Mijn huis aan de Pilotenlaan ligt op ongeveer anderhalf kilometer afstand van de spoorbrug over de IJssel. Deze was tijdens de oorlog regelmatig doelwit van bombardementen en beschietingen. Door de trillingen van de bombardementen sprongen telkens de ruiten van ons huis. Wij hebben de ramen toen maar dichtgetimmerd met planken.

Op een gegeven moment zag ik ook de V1, Dat was een Duitse bom. Oh, dat was zo'n griezelig ding in de lucht dat een fluitend geluid maakte. Het leek op een grote rode bal van vuur en die zag je zo door de lucht vliegen. Waar die bommen terechtkwamen, weet ik niet. Ik neem aan dat ze afgeschoten werden richting Engeland.

Ik herinner me de zwermen vliegtuigen die over ons huis vlogen. Het probleem was dat je nooit wist of de bommenwerpers hier wat lieten vallen of dat ze verder vlogen naar bijvoorbeeld Engeland of Duitsland. Je zat daarover continue in spanning als het luchtalarm afging.

De ene keer waren het de Duitsers die denk ik richting Engeland vlogen. De andere keer waren het bommenwerpers van de geallieerden die naar Duitsland vlogen. Dan dacht ik: och, die arme mensen daar. De vrouwen in Duitsland hebben – net zoals de vrouwen hier – part noch deel aan de oorlog.

Als het luchtalarm overdag afging, kwamen er soms Duitse soldaten bij ons schuilen in de hooibalen.

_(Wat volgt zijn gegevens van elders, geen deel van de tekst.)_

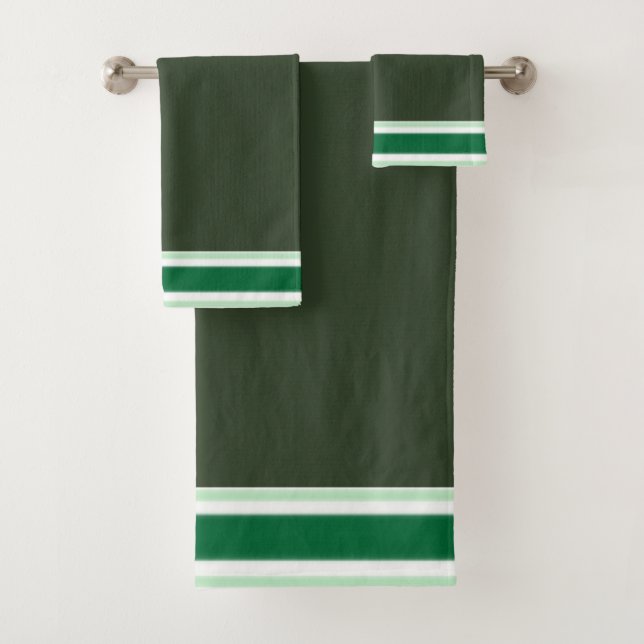 Grüner Streifen Badhandtuch Set (Insitu)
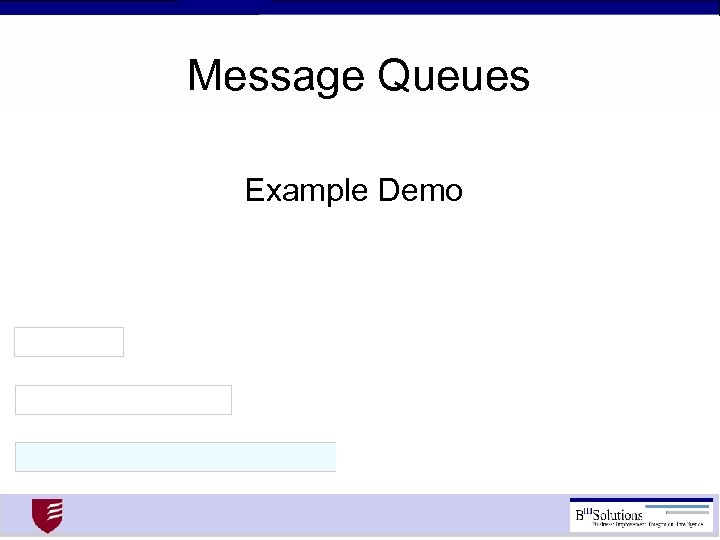 Message Queues Example Demo 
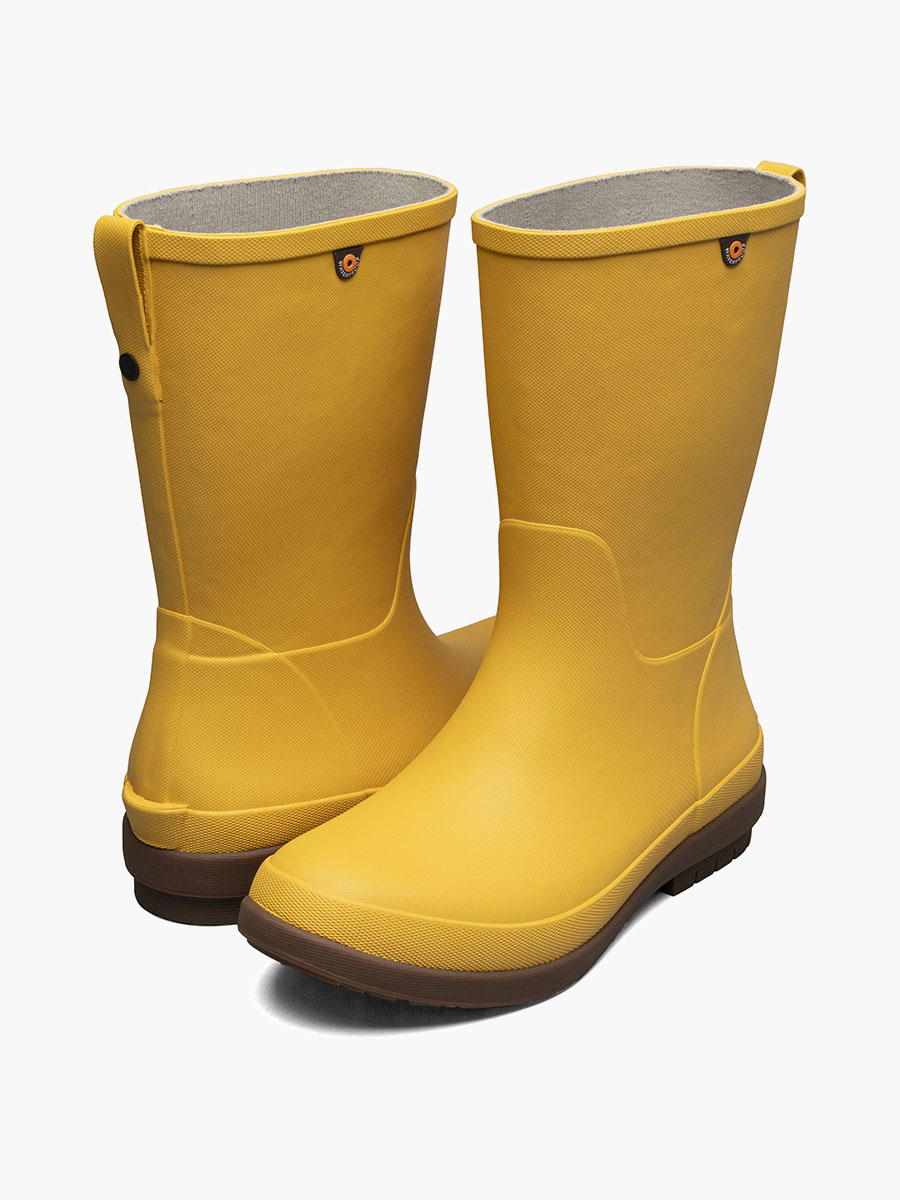 BOGS WOMEN'S AMANDA II MID RUBBERT BOOT - MUSTARD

Ik herkende op een gegeven moment hun gezichten. Op een keer kwamen ze weer. Ik zag aan het gezicht van de jonge Duitse soldaat dat het niet goed ging. Ik zei tegen hem: 'Wat zie jij er vandaag uit! Helemaal niet vrolijk. Zit je in over je vrouw?'

De soldaat antwoordde: 'Nee, vrouw komt wieder, maar moeder nooit.' Deze zin heb ik heel goed onthouden. Hij bedoelde ermee te zeggen: je kunt altijd een andere vrouw trouwen, maar je moeder kun je niet vervangen. Hij zat heel erg in over zijn moeder want in Duitsland werd er ook flink gebombardeerd.

Tabak verbouwen

Tijdens de Tweede Wereldoorlog heb ik 3 kinderen gekregen. Zij zijn geboren in 1940, 1941 en 1943. Als mijn man en ik beiden op het land werkten en het luchtalarm loeide, dan wisten de kinderen precies wat ze moesten doen.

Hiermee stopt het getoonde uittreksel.